Saved entries
((

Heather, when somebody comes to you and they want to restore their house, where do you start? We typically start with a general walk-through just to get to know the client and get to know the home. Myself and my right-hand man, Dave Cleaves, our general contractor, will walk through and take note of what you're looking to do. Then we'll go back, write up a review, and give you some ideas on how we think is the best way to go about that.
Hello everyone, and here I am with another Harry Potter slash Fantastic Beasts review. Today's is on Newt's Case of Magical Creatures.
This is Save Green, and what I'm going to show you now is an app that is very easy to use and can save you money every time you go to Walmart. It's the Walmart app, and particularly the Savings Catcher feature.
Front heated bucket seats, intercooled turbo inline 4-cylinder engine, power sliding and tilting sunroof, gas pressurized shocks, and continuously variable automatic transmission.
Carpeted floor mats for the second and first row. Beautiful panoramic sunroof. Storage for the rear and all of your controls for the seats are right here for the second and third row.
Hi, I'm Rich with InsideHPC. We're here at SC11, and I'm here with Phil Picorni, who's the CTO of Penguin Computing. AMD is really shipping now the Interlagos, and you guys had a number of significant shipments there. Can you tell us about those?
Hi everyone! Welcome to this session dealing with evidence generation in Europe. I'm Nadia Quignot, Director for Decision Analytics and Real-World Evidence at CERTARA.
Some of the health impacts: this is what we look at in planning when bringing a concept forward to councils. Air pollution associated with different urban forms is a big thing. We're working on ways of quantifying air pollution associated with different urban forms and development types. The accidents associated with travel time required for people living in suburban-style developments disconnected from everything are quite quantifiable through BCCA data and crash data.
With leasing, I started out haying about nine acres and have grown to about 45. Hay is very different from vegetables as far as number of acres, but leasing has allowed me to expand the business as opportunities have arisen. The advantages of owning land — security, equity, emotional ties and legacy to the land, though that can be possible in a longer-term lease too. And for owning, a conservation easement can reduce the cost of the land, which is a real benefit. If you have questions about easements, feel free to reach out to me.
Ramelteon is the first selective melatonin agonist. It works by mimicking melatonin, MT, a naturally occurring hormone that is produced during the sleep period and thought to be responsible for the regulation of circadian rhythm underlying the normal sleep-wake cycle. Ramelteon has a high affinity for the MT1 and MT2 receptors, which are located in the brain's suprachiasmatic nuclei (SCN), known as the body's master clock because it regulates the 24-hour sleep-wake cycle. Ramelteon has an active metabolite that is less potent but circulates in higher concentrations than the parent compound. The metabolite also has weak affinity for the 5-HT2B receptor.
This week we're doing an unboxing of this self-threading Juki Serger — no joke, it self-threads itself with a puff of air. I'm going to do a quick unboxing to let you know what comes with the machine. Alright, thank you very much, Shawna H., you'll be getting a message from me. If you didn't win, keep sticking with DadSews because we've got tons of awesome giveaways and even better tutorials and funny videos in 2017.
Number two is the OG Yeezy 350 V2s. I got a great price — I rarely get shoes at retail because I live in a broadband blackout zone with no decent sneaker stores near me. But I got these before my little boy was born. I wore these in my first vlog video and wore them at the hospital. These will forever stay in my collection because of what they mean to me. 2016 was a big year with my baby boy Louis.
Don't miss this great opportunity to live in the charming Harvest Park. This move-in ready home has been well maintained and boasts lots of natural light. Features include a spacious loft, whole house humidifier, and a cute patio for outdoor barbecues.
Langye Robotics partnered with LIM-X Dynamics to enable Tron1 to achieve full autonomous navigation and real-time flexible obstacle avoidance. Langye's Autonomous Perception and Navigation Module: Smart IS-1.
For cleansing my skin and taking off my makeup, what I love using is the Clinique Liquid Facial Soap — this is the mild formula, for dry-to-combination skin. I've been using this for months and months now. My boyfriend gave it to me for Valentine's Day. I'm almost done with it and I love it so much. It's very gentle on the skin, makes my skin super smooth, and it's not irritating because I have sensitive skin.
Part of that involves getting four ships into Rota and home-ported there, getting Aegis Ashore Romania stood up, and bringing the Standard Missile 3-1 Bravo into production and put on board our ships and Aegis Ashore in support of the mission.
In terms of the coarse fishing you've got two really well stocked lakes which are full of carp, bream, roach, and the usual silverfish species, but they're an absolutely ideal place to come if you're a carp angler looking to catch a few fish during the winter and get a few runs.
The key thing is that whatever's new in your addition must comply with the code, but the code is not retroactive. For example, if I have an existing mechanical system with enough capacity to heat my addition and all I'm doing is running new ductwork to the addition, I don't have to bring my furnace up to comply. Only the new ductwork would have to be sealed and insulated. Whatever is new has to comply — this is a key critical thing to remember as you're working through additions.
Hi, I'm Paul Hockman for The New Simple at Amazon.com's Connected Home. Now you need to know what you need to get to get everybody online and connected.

))

◆ **Exercise**
Look above for the line holding "Part of that" and the line holding "In terms of". Retype both, and every line between them, word for word and nothing else.

◆ **Task solution**
Part of that involves getting four ships into Rota and home-ported there, getting Aegis Ashore Romania stood up, and bringing the Standard Missile 3-1 Bravo into production and put on board our ships and Aegis Ashore in support of the mission.
In terms of the coarse fishing you've got two really well stocked lakes which are full of carp, bream, roach, and the usual silverfish species, but they're an absolutely ideal place to come if you're a carp angler looking to catch a few fish during the winter and get a few runs.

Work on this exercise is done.